The person that made the complaint to the ASA believed that the claims made in the advert were misleading – particularly to new or inexperienced beekeepers, and that these claims were made without any scientific backing.
In their response to the issues raised the advertisers told the ASA that while they were sorry to hear a complaint had been received concerning their advertising, “the information in their advertising was true and could be proven”.
The advertisers also suggested that the Federation of Irish Beekeepers should be contacted for their opinion and that their advertisement “had run for over ten years without issue”.
“On the issue of safety and depictions of dangerous activity, the advertisers said that they sold docile bees that could be handled without protection, but that this should not have been taken that they advised beekeepers not to use protection,” according to the ASA.
ASA decision
However the ASA complaints committee did not consider that the claims made by the avertisers had been “substantiated” and that “the advertising was in breach of sections 4.1; 4.4; 4.9; 4.10; and 4.33”.

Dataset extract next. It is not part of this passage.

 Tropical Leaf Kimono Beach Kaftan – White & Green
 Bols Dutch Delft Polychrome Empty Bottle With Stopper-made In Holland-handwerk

Separately the committee also noted the images used in the advertising had portrayed a child and an adult being near or handling bees without wearing protective clothing.
“They considered that the images in the advertising had depicted an unsafe practice and therefore were in breach of code sections 3.24 (a) and 7.4 (c),” the ASA stated.
The authority’s complaints committee ruled that “the advertisements must not reappear in their current form”.